Brief descriptive captions
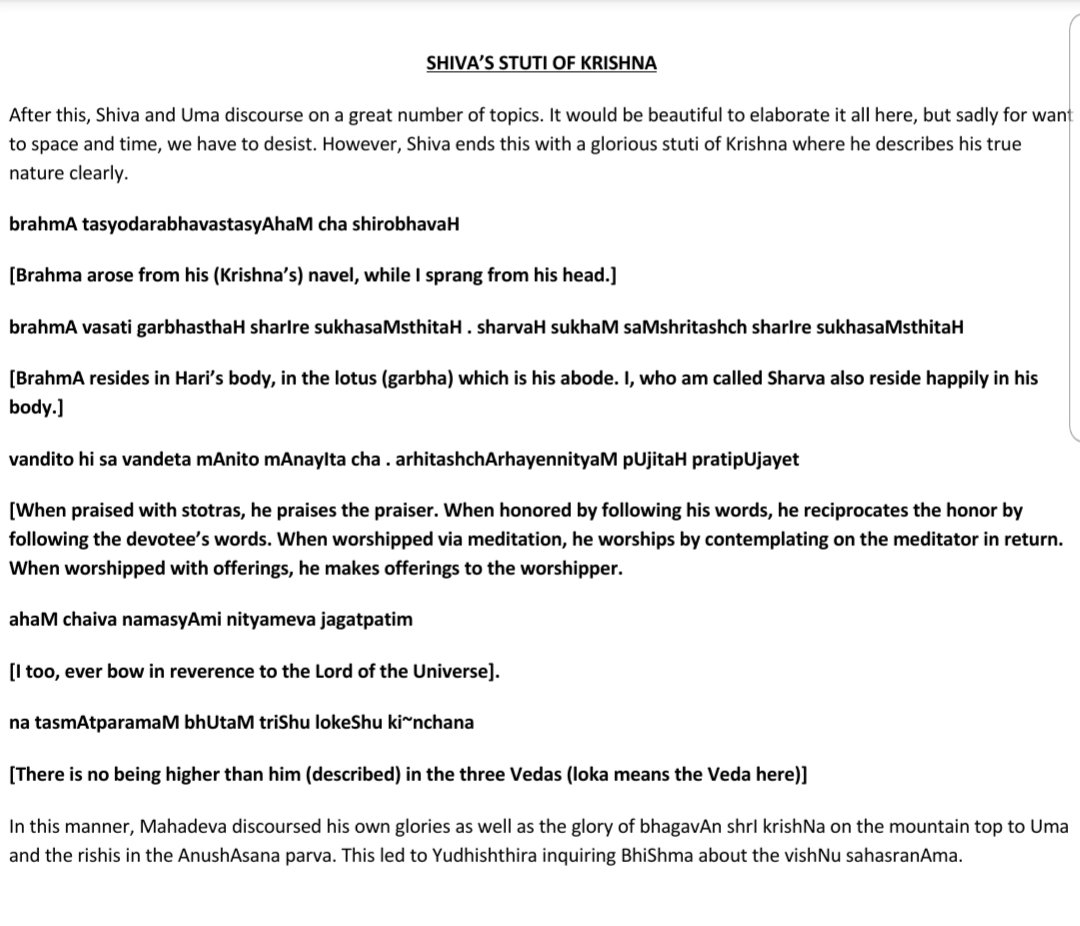 And finally, after discoursing on other topics related to sAmAnya dharmAs, Shiva worships Krishna. Some choice shlokas here+ #Mahabharata  #Hinduism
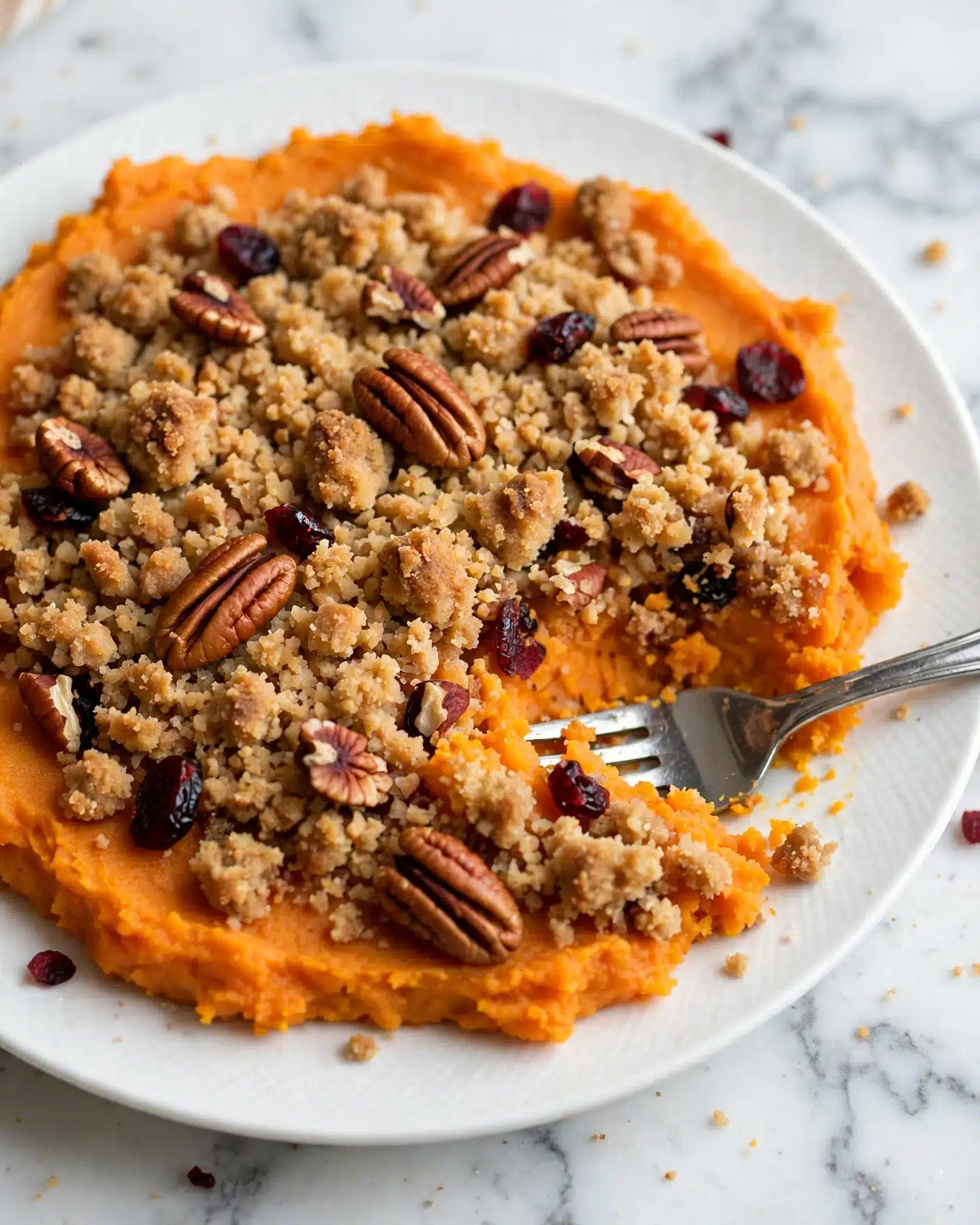Sweet Potato Casserole with Pecan and Cranberry Topping Recipe 5 The image shows a close-up of a sweet potato casserole on a white plate with a white marbled background. The dish has two main layers: the bottom layer is mashed sweet potatoes, bright orange and smooth in texture, spread evenly across the plate. The top layer is a crumbly, golden-brown streusel topping mixed with whole pecans scattered across, adding a crunchy texture and rich brown color contrast. Some dried cranberries are mixed in, adding small pops of dark red. A silver fork rests on the right side of the plate, slightly digging into the dish. Photo taken with an iphone --ar 4:5 --v 7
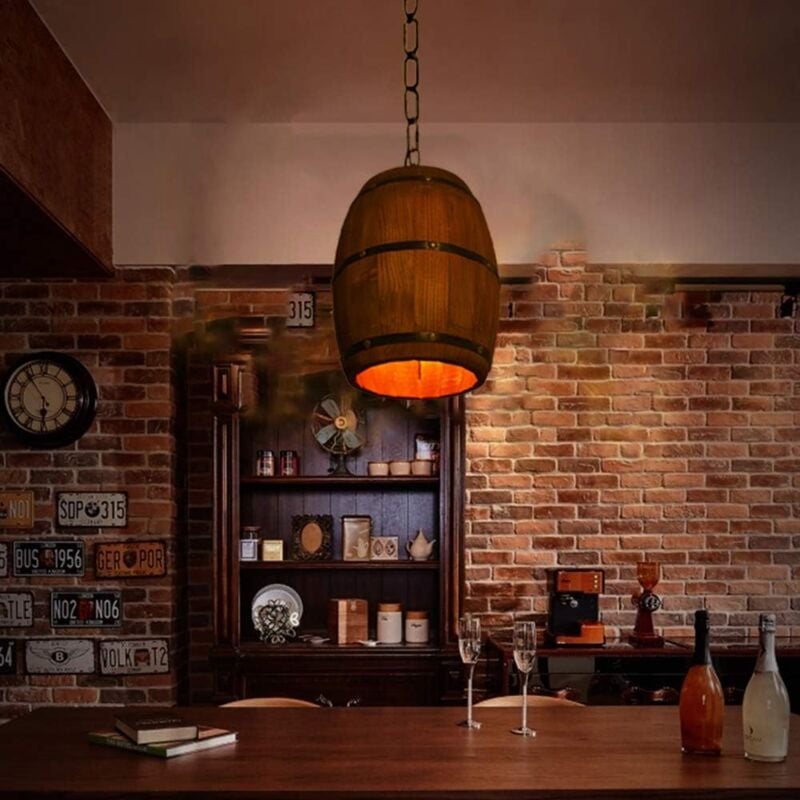 E26 Tonnen-Kerzenständer Rustikale Tonnen-Lampe Hängelampe Wohnzimmerlampe Retro-Vintage-Deckenlampe Antike Hängelampe Deckenlampe (ohne Glühbirne)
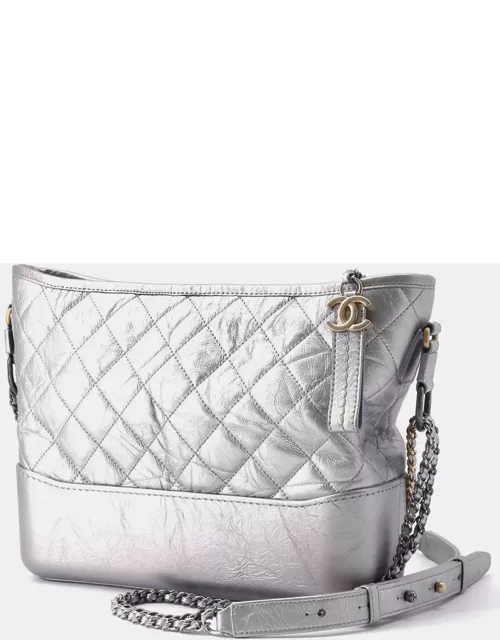 Chanel Silver Leather Medium Gabrielle Hobo Bag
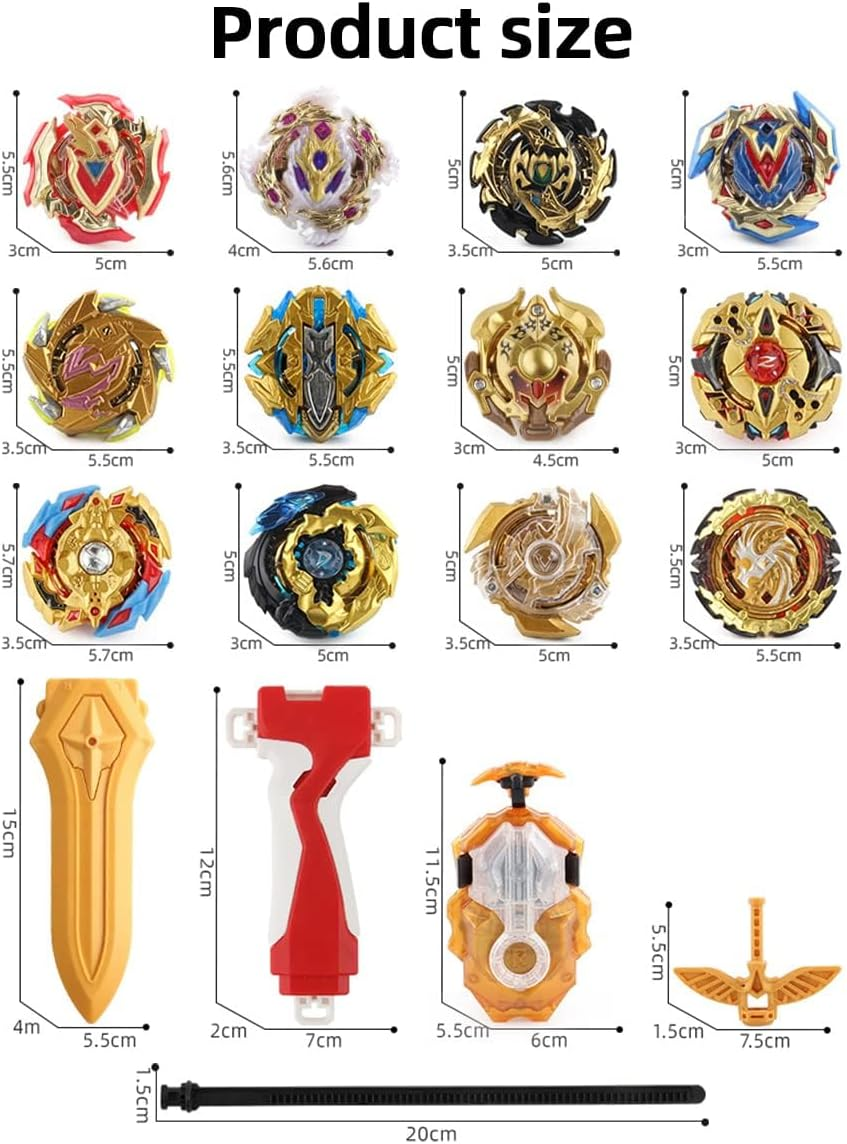 Tukiie Battling Top Gyro Toy Set, 12 Spinning Tops & 2 Launchers with Black Storage Box, Birthday Gifts for Children Boys Girls Kids Aged 6+ image number 6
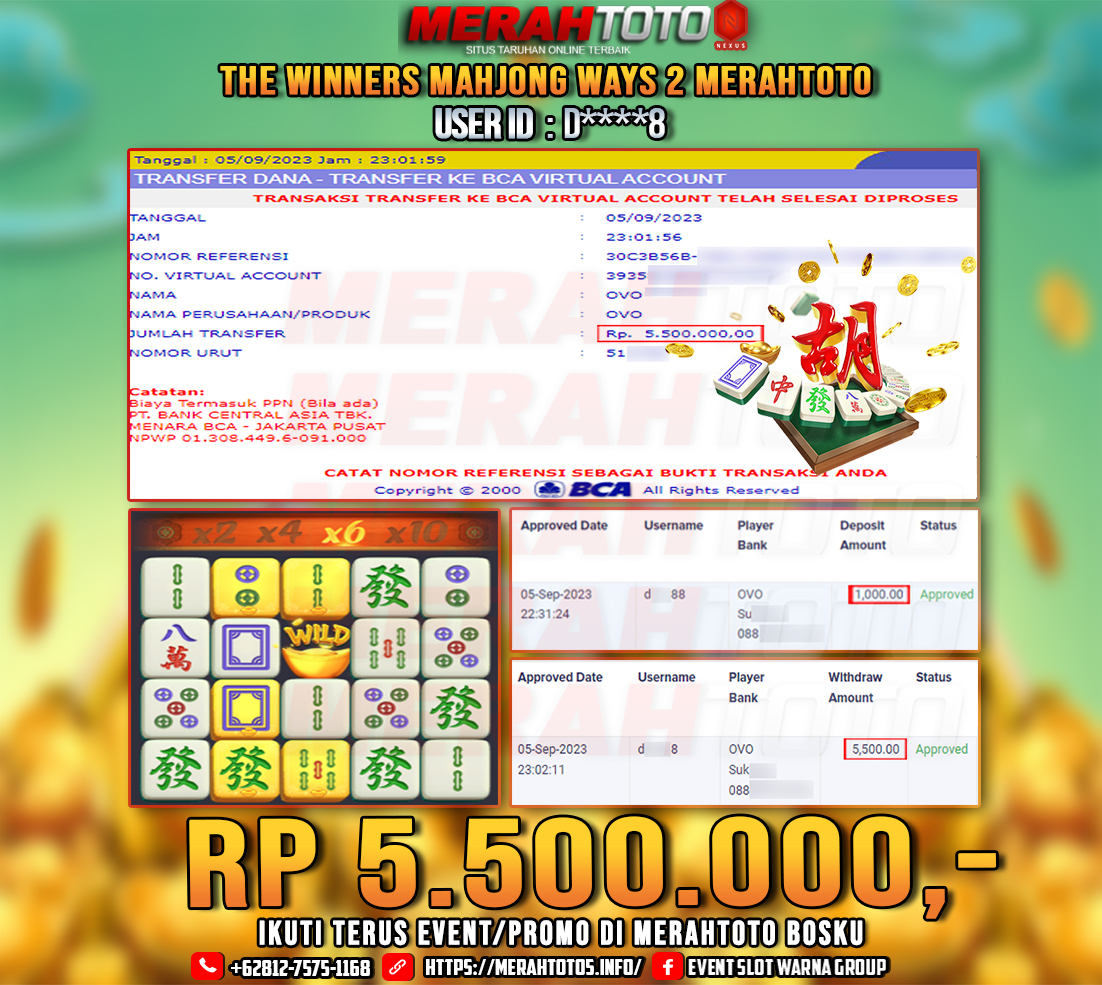 Bukti JP Slot Member MERAHTOTO 05 September 2023 Mahjong Ways 1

Work instruction
Starting with the line that holds "E26 Tonnen-Kerzenständer Rustikale", print each line through the last one of the data exactly as written, but do not include the pictures.

Output
 E26 Tonnen-Kerzenständer Rustikale Tonnen-Lampe Hängelampe Wohnzimmerlampe Retro-Vintage-Deckenlampe Antike Hängelampe Deckenlampe (ohne Glühbirne)
 Chanel Silver Leather Medium Gabrielle Hobo Bag
 Tukiie Battling Top Gyro Toy Set, 12 Spinning Tops & 2 Launchers with Black Storage Box, Birthday Gifts for Children Boys Girls Kids Aged 6+ image number 6
 Bukti JP Slot Member MERAHTOTO 05 September 2023 Mahjong Ways 1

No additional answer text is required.